For C-Note, we use 100% Pinot Noir, 100% Whole Cluster fermentation, and age in 100% new French Oak barrels (air dried 3 + years).  The restraint comes into play in order to reign in the “whole clustery-ness” and tame the oak impact to mimic a wine with half the new oak exposure.  We are extremely gentle with our cap management to control the whole cluster notes and we select the most subtle, elegant barrels coupled with long aging to integrate the oak flavors.  C-Note is all about complexity, texture and mind-blowing length.  I love making wines that surprise and beguile.

[TaV]: You are one of the very few winemakers who conduct organized tastings. Can you explain what you are trying to showcase with your 5-course Pinot Noir approach?

[TR]: Yes, I believe the best way to showcase these wines and share this unique experience is to do seated tastings.  Like a five-course meal, our tasting take time (typically an hour and a half or more).  But people leave here feeling that that have experienced something truly special…and that is pretty rare.  They are shocked that they enjoyed each and every wine they tasted.

I began working in restaurants at a young age.  I cooked for several years and really enjoyed it.  A few years after I started making wines, I realized that I was using the exact same skill set to make wine that I used to cook.  I am truly a “wine cook” and make wine with that sensibility.

I wanted to showcase a diverse range of flavor profiles that can be accomplished on an annual basis with Pinot Noir in the Willamette Valley.  Each offering is distinctive, unique and impeccably balanced.  Collectively, they showcase perhaps the greatest range of flavors and textures of Pinot Noir under one brand.

[TaV]: To follow on the previous question, how receptive are your customers (typically) to what you are presenting in the tasting? Do they get your point? Do you offer people to taste the wines blind and to try to identify what they are tasting?

[TR]: The beautiful thing about the “five-course meal” context of our tasting is that EVERYBODY can relate to that experience.  People completely get it and they really get into it.  The wines show a progression of flavors just like a multi-course meal.  They also increase in intensity much like turning up the volume on a radio.

At this stage, the tastings are not blind and are tasted one at a time.  And I don’t have the ability to pair food at this time.  But we have done the “five-course meal” here at the winery a few times.

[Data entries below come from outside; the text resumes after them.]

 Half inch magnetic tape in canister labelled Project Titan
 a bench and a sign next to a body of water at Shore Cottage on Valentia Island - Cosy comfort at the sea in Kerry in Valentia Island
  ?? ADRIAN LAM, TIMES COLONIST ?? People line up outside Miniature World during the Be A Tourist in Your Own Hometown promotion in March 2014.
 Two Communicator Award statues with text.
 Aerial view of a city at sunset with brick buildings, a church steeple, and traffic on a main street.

It was a huge success.

[TaV]: Maybe an odd-ball question here – wine is an adult beverage, and nevertheless, you called your line of wines “Child’s Play” (I personally like it very much, especially the labels). Do you think wine consumers might find this controversial? Did anyone ever comment on this wine name?

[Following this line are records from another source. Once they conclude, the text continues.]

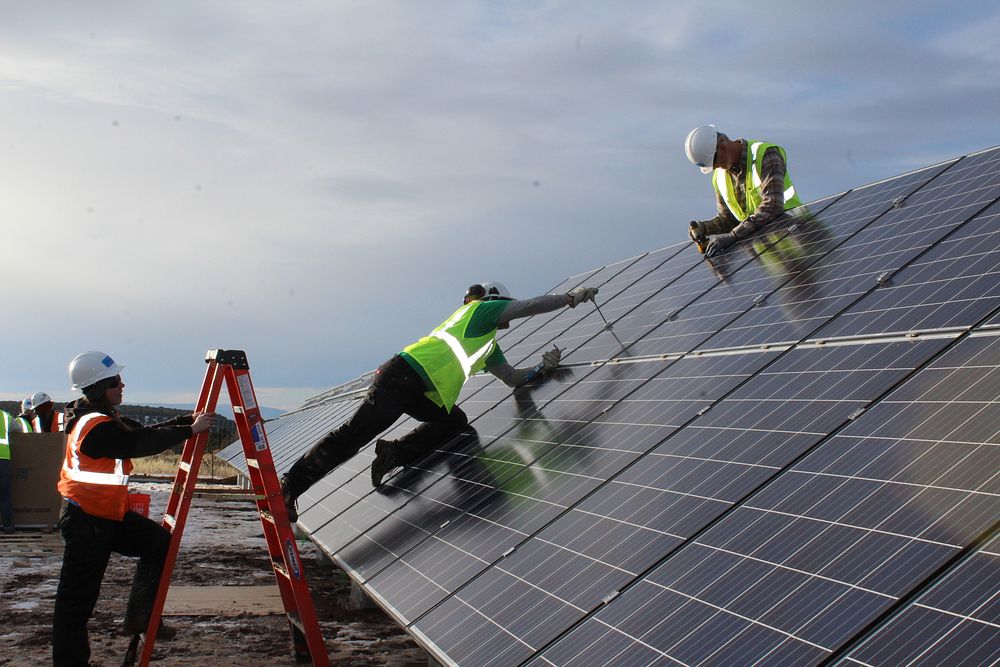 GRID Alternatives solar installers and volunteers work to construct a community solar array in Norwood, Colorado. Original…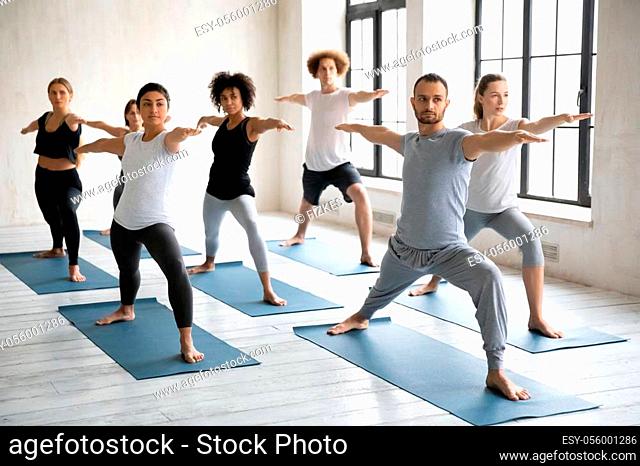 Young diverse people wearing sportswear doing Warrior two exercise at group lesson, practicing yoga, standing in Virabhadrasan pose on mats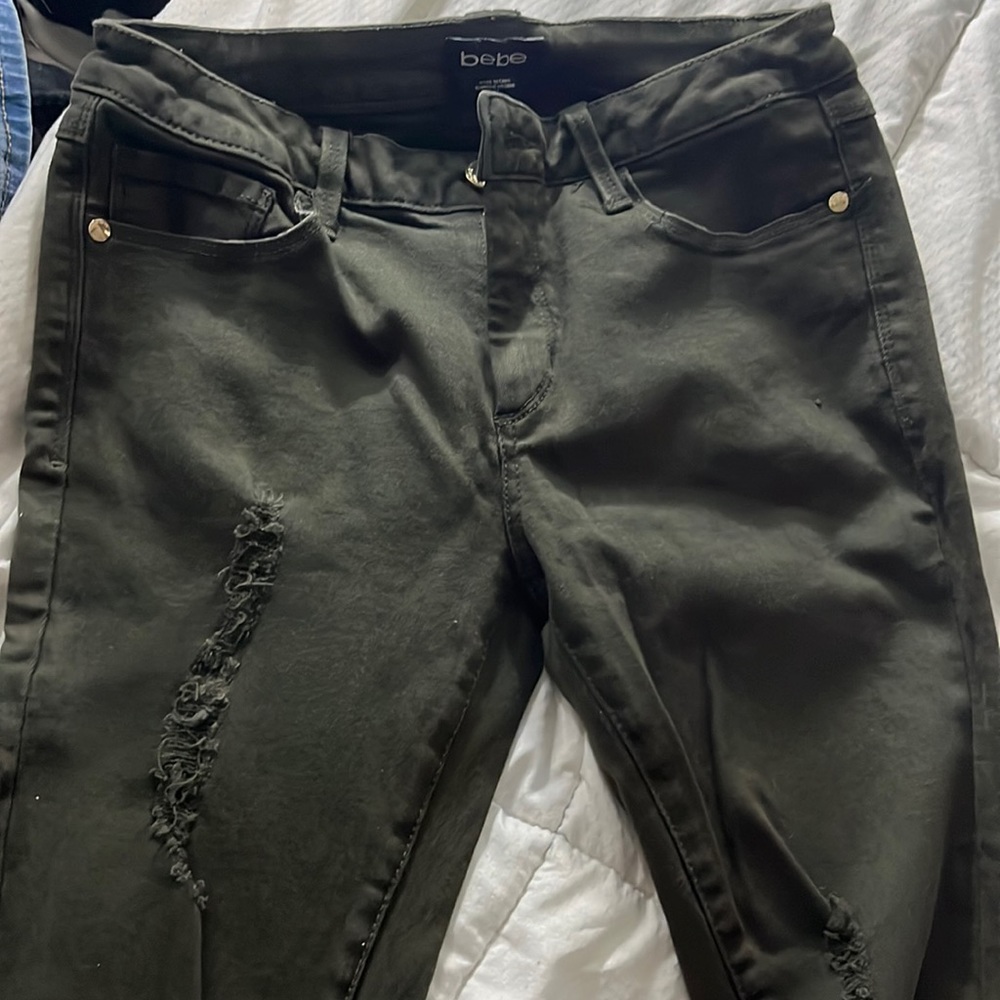 Woman’s green jeans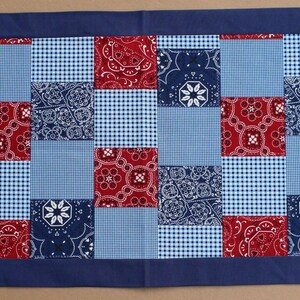 May include: A blue and red patchwork table runner with a blue border. The runner is made of squares of different fabrics, including blue and white gingham, red and white paisley, and solid blue.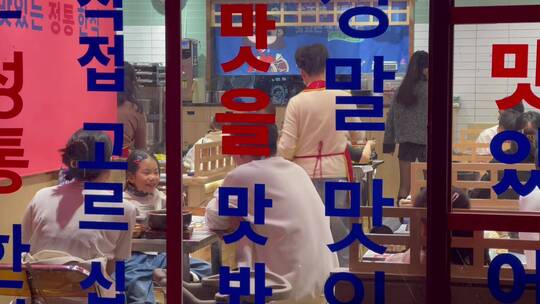 橱窗韩国料理店吃饭的人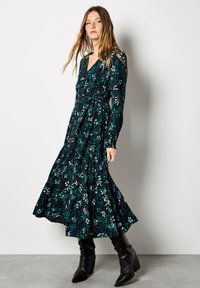 Langärmliges, schwarzes Blumenkleid mit grünen und weißen Blattmustern, gestuftem Saum, tailliertem Schnitt und kombiniert mit schwarzen Absatzstiefeln.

[TR]: I am a huge fan of the “double entendre”.  Here it is actually triple.  1) My kids playing…my two daughters paintings are the original artwork for all the labels 2) We winemakers are big kids and we get to “play” with offering unique wines (the Pinot Chardonnay is the only still version of Chardonnay and white Pinot Noir in the country…to my knowledge), Zinfandel from WA (a unicorn wine), and a stylistically different Rose of Pinot Noir.  The Pinot Noir is just damn good. 3) Child’s Play implies it’s easy…so easy a kid could do it.  We are taking the pretension out of wine with the packaging and the wines inside.  Great value for money…as it should be.

My customers love it.  The only objection came from the Feds…and a simple paragraph explaining point 3) above got us our label approval.

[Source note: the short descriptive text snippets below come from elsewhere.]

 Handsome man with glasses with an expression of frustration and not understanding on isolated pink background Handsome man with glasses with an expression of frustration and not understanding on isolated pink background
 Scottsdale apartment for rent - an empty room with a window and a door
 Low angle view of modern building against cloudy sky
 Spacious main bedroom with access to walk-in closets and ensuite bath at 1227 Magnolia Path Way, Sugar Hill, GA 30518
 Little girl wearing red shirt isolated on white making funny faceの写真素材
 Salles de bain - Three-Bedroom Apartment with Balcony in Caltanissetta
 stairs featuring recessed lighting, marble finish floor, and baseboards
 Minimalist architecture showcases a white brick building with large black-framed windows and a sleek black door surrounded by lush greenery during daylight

[TaV]: This one is more of the pet peeve question for me. Your Tendril wines are enclosed with the corks (makes me very happy to see it). The Child’s Play line uses screwtops, so obviously the screwtop idea is not foreign to you. I know that some winemakers in Oregon swear by alternative closures (like Don Hagge at Vidon with the glass stopper), but I personally think that the wine needs a cork to age properly. What is your take on this subject?

[TR]: While I like the idea of cork, the execution of the closure has haunted me for my entire career.  Corks are highly variable in both their flavor impact on the wines as well as the oxygen permeability.  Each one is unique and has an unintended impact on my wine.  I believe natural corks are a huge problem and as such, I no longer use them.  But I do gladly use a cork product in my Tendril wines (looks like a duck and quacks like a duck) that provides consistency of density and very low aromatic impact.  I would be happy to talk to you about this topic some time.  I have researched it for years.

Screw caps are new to me, but I love them in the Child’s Play line to further differentiate the brand from Tendril.  I think the MSRP $30 price point avoids any potential push back on the choice of closure.

[TaV]: Sparkling wines are so popular nowadays, almost everyone is making them, and often with very good results. Considering your experience at Argyle, should we expect to see Tendril sparkling wine at some point in the future?

[TR]: Maybe…but I will wait until we have a great sparkling wine vintage (cool and slow ripening) to make that decision.  If you asked my wife (who is a sparkling junkie), the answer would be yes.

I would only do it if it could have the potential to be a truly special offering.

Maverick Vineyard

Maverick Vineyard

[TaV]: What is in the store for your new Maverick vineyard? How are you planning to farm it – sustainable, organic, biodynamic? Out of 19 acres, you have 10.5 allocated for Chardonnay and Pinot Noir – what about the rest? Any plans to expand beyond Pinot Noir and Chardonnay – let’s say, Pinot Gris, Riesling, etc?

[TR]: At this time, Maverick is LIVE.  We plan to move towards organic over the next few years.  It is an incredibly well behaved site that is already producing strong personality wines.  I view this as a highly desirable trait for a young vineyard.  The Chardonnay for the Pinot Chardonnay (70% of the blend) is all Maverick.  This is the first bottled wine coming from Maverick.

No plans for other varietals at this time.  But the clonal mix for the Pinot Noir (943, Swan, Calera and Mt. Eden) is pretty unusual.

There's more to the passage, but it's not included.